I'm wondering if the seals are letting it leak out of the drain, when the float is shutting off? Is this possible?
What are my repair options?
 
I'm betting the pipe coming up out of the ground is rusted out in a spot, with the back pressure from the float shutting off the water starts leaking out more than when the float is open. Start busting concrete and start digging. chris
 
(quoted from post at 15:44:22 05/21/14) I'm betting the pipe coming up out of the ground is rusted out in a spot, with the back pressure from the float shutting off the water starts leaking out more than when the float is open. Start busting concrete and start digging. chris

Yep, had a similar problem. Mine was buried under concrete inside the barn. Luckily the waterer that the line was also connected to was on a slab separate from the rest of the floor. Was able to remove the waterer, crack the slab in half, pry it up and dig down to the leak. My leak was in the line so it flowed all the time. I just eliminated the hydrant and left the waterer hooked up. Put a faucet out the side of the waterer to hook a hose up to if needed. Good luck.
 
Couple big pipe wrenches. Remove the pin on the handle,
remove the head and the control rod. Check the seal pads at
the bottom of rod. They are replaceable. If they seem to be
good then the whole unit will need replaced.
 
Those hydrants have a weep hole in the valve to let water drain back when shut off. When turned on, it bleeds back all the time, so if you're using a float to stop the flow, its leaking from that weep hole just like it should.
 
I think you're just out of adjustment. When you pull the handle up,the rod pulls the plunger up above the drain hole. When you push it down,it shuts the water off and pushes down below the drain hole. Loosen the set screw under the handle,move that collar down on the rod just a little bit and re tighten it. Maybe that'll pull it up above the drain hole.
 
I just had to dig mine up, the pipe going into the
elbow feeding the hydrant cracked and broke, at
least it was an easy dig... Yours sounds like
either the rubber stopper in the valve is shot, or
it could possibly have a hole rusted thru the
vertical pipe, when the water is on that part is
under pressure and could leak. The one I just dug
up had been there for at least 35 years, the stem or
vertical pipe has some pretty good pitts on it as
well, that hydrant will not be re-used.
 
We had one go bad lucky it was next to the wall and we
didnt have to break concrete we dug outside the wall with
backhoe and then under the slab
 
I ran floats on Iowas for years. Never had a weep hole leak while it was on.

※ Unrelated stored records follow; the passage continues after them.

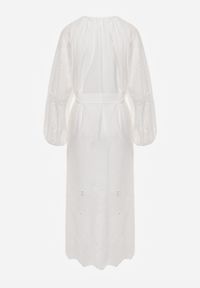 Born2be - Biała Bawełniana Sukienka Boho z Paskiem Haftem i Ażurowymi Wstawkami Orilise. Okazja: na co dzień, do pracy, na randkę. Kolor: biały. Materiał: bawełna. Długość rękawa: długi rękaw. Wzór: ażurowy, haft. Typ sukienki: proste. Styl: boho #5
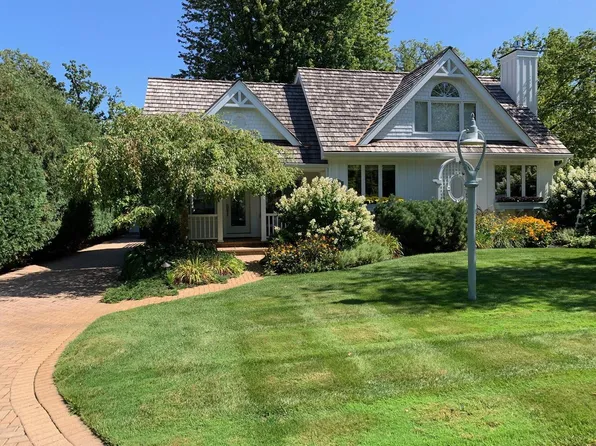 N1518 Oak Shores STREET, Fontana, WI 53125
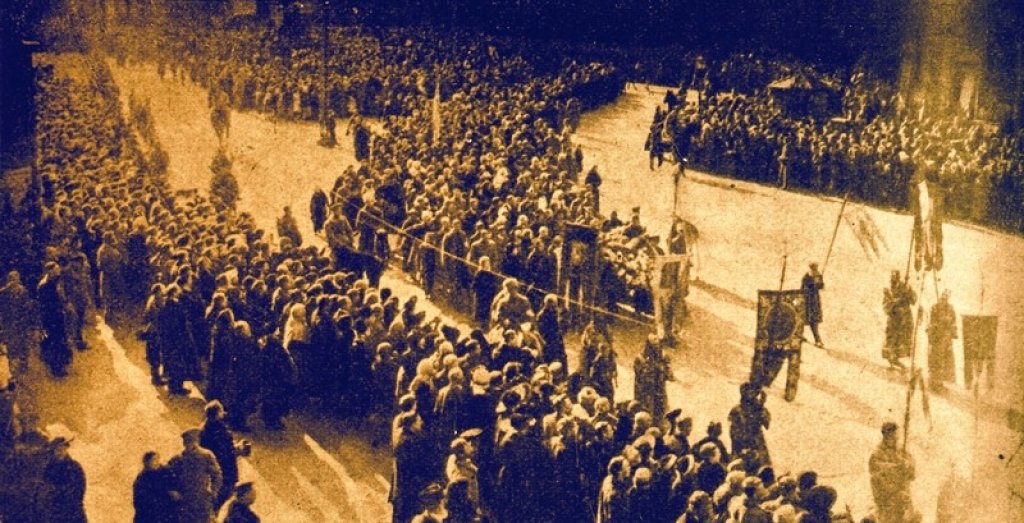Funeral_of_91_victims_of_the_Red_Terror_in_February_1918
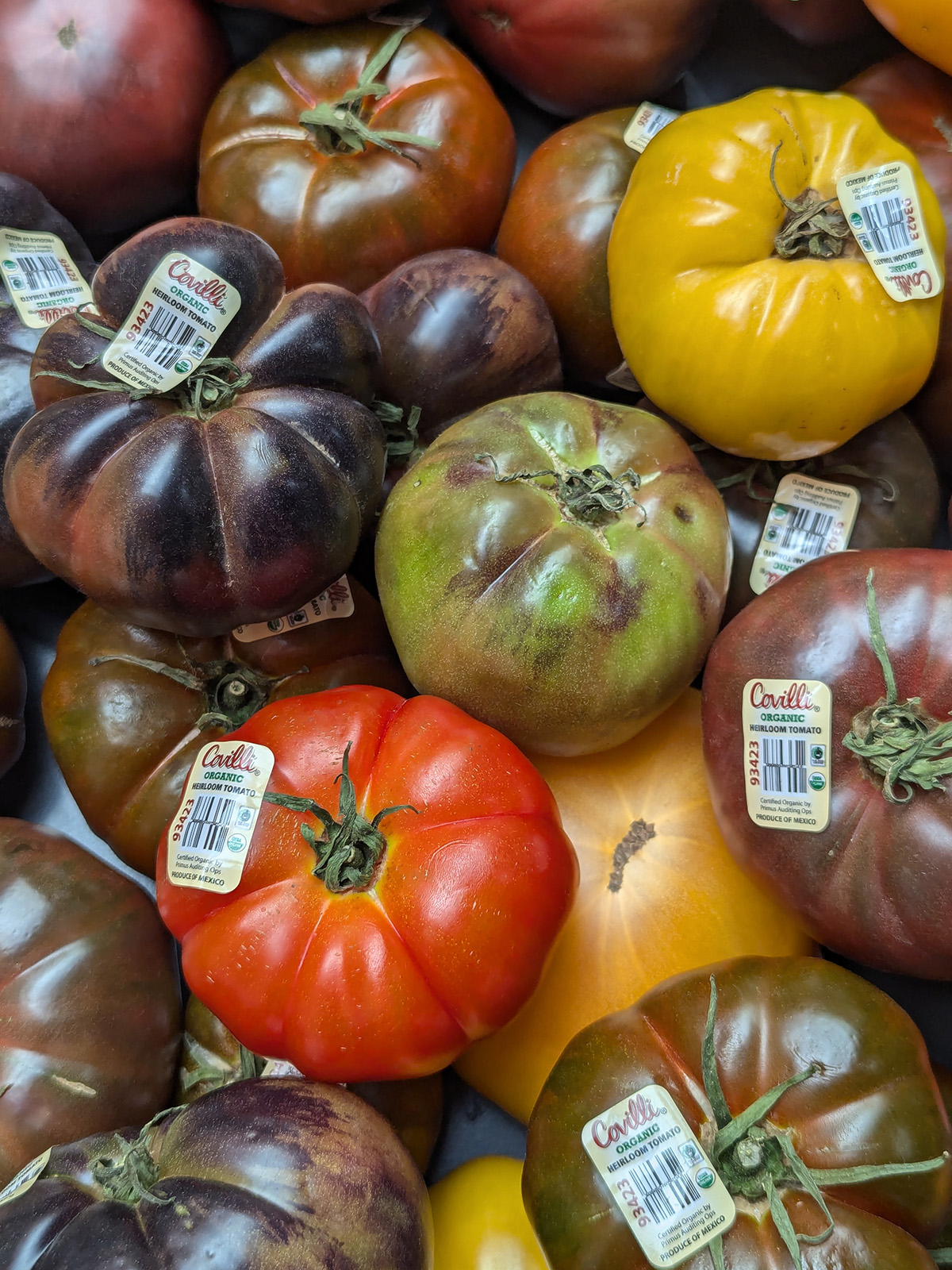 heirloom tomatoes 041200 x 1600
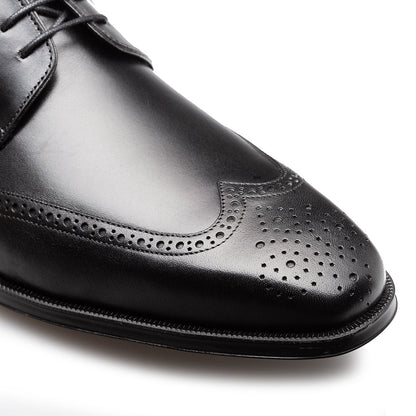 Mezlan Tasso Wingtip Derby: Luxurious Leather Dress Shoe
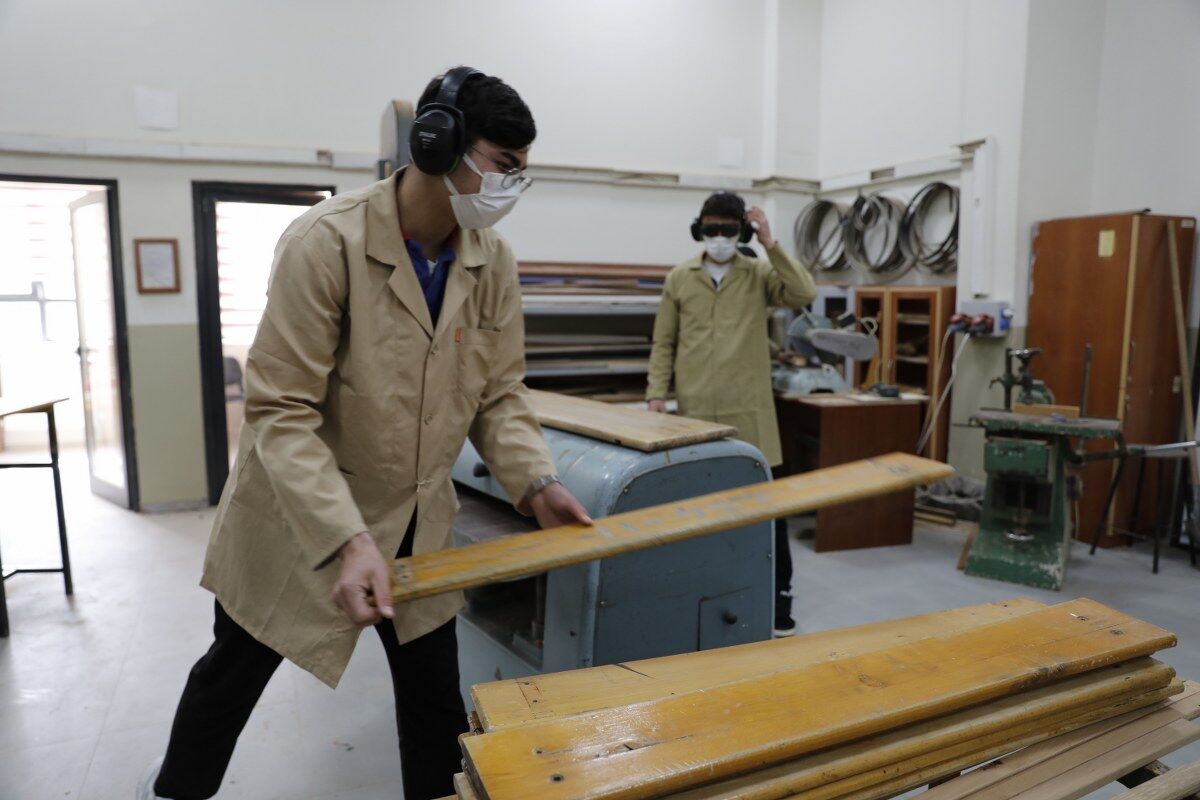 A A 20260426 41213812 41213806 M E S L E K L I S E S I O G R E N C I L E R I E S K I S I R A V E M A S A L A R I Y E N I U R U N L E R E D O N U S T U R U Y O R 1200X800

Two were turned on in April and shut off in November.

They do not weep when on if they are working right.

The weep hole only allows water to drain out of the hydrant when the handle is off if working as they should be.

Gary
 
Thanks for the advice guys! Home too late to adjust tonight. Got nothing to lose by trying, I guess.
We used Iowa ones with floats too , and don't ever recall this problem before.
If worse comes to worse, can this valve be replaced from the topside?
 
Yes the plunger and rod can be replaced from the top.

Remove the head and pull the rod up. After shutting off the water of course.

Gary
 
If it's necessary to replace the entire hydrant, it is possible to do so without digging it up. The trick is to leave the water ON and unscrew the hydrant from above. The flowing water will keep the hole from filling in, making it possible to insert a new hydrant in the hole. I haven't done it myself, and I assume it's not easy to do. But it beats digging holes and breaking up concrete.
 
Well if you do have to dig it up. Put a piece of 4 inch PVC pipe over the hydrant. Then screw it in the water line. Then if you have problems in the future you can just turn it out and the new back in. We do that with a wood plug that fits the pipe for the hydrant to come through. Holds the hydrant still and helps with the temperature for not freezing. Though we have never had a problem with that.